Pasal
4
(1)
Wajib Pajak wajib mengisi dan menyampaikan Surat Pemberitahuan dengan benar, lengkap, jelas, dan menandatanganinya.
(2)
Surat Pemberitahuan Wajib Pajak badan
harus ditandatangani oleh pengurus atau direksi.
(3)
Dalam hal Wajib Pajak menunjuk seorang kuasa dengan surat kuasa khusus untuk
mengisi dan menandatangani Surat Pemberitahuan, surat kuasa khusus tersebut
harus dilampirkan pada Surat Pemberitahuan.
(4)
Surat Pemberitahuan Tahunan Pajak Penghasilan Wajib Pajak yang
wajib menyelenggarakan pembukuan harus dilampiri dengan laporan keuangan
berupa neraca dan laporan laba rugi serta keterangan lain yang diperlukan untuk
menghitung besarnya Penghasilan Kena Pajak.
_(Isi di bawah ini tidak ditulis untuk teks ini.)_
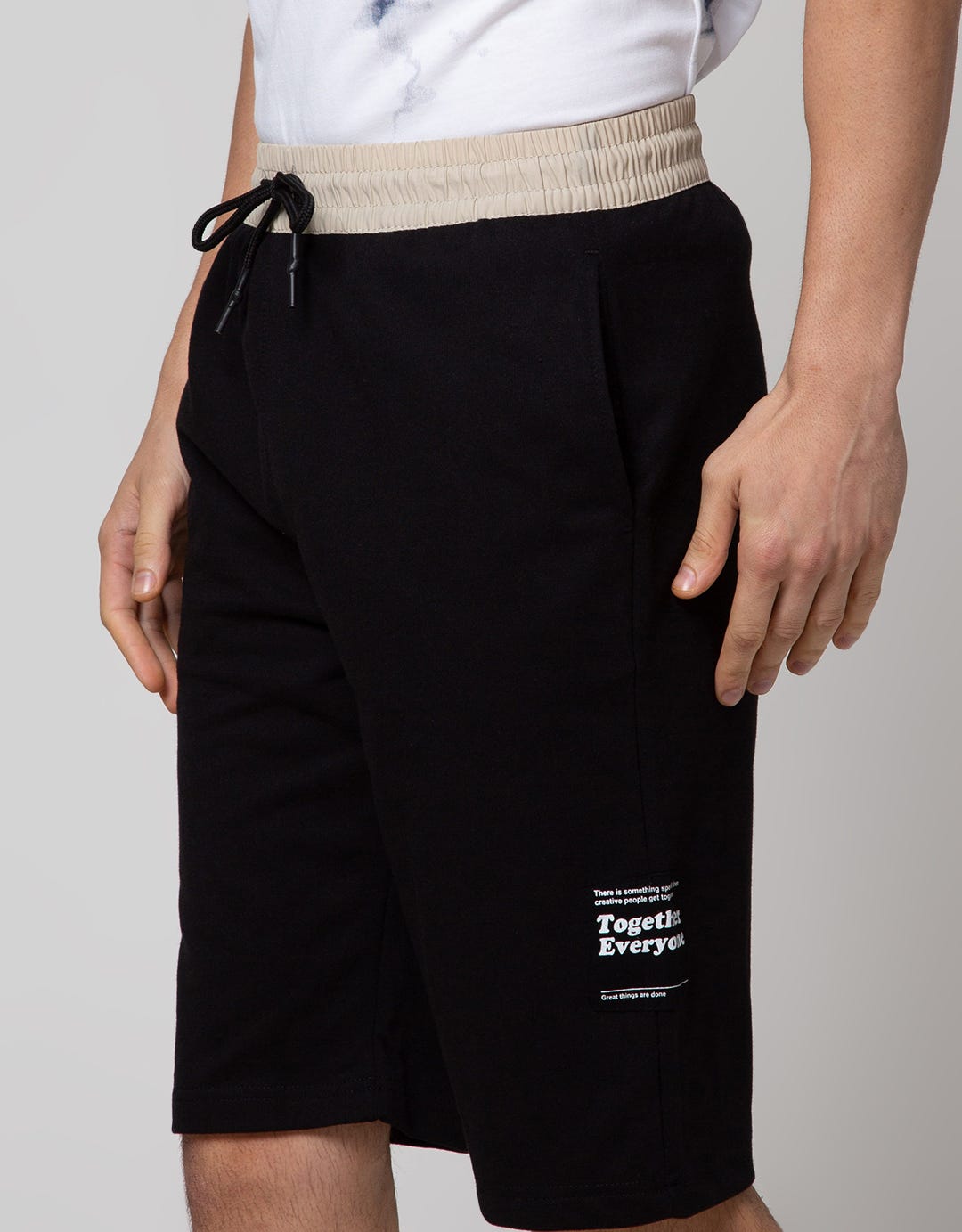 SHORT PANTS KNIT MIX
(4a) Laporan Keuangan sebagaimana
dimaksud pada ayat (4) adalah laporan keuangan dari masing-masing
Wajib Pajak.
Yang dimaksud dengan Laporan
Keuangan masing-masing Wajib Pajak adalah laporan keuangan hasil kegiatan usaha
masing-masing Wajib Pajak.
Contoh:
PT A memiliki saham pada PT B dan PT C. Dalam contoh
tersebut, PT A mempunyai kewajiban melampirkan laporan keuangan konsolidasi PT
A dan anak perusahaan, juga melampirkan laporan keuangan atas usaha PT A
(sebelum dikonsolidasi), sedangkan PT B dan PT C wajib melampirkan laporan
keuangan masing-masing, bukan laporan keuangan konsolidasi.
(4b)
Dalam hal laporan keuangan sebagaimana dimaksud pada ayat (4a) diaudit oleh Akuntan Publik tetapi tidak dilampirkan pada Surat
Pemberitahuan, Surat Pemberitahuan dianggap tidak lengkap dan tidak jelas,
sehingga Surat Pemberitahuan dianggap tidak disampaikan sebagaimana dimaksud
dalam Pasal 3 ayat (7) huruf b.
(5) Tata cara penerimaan dan pengolahan Surat
Pemberitahuan diatur dengan
atau berdasarkan Peraturan
Menteri Keuangan.
Tata cara penerimaan dan pengolahan Surat
Pemberitahuan memuat hal-hal mengenai, antara lain, penelitian kelengkapan,
pemberian tanda terima, pengelompokan Surat Pemberitahuan Lebih Bayar, Kurang
Bayar, dan Nihil, prosedur perekaman dan tindak lanjut pengelolaannya, yang
diatur dengan atau berdasarkan Peraturan Menteri Keuangan.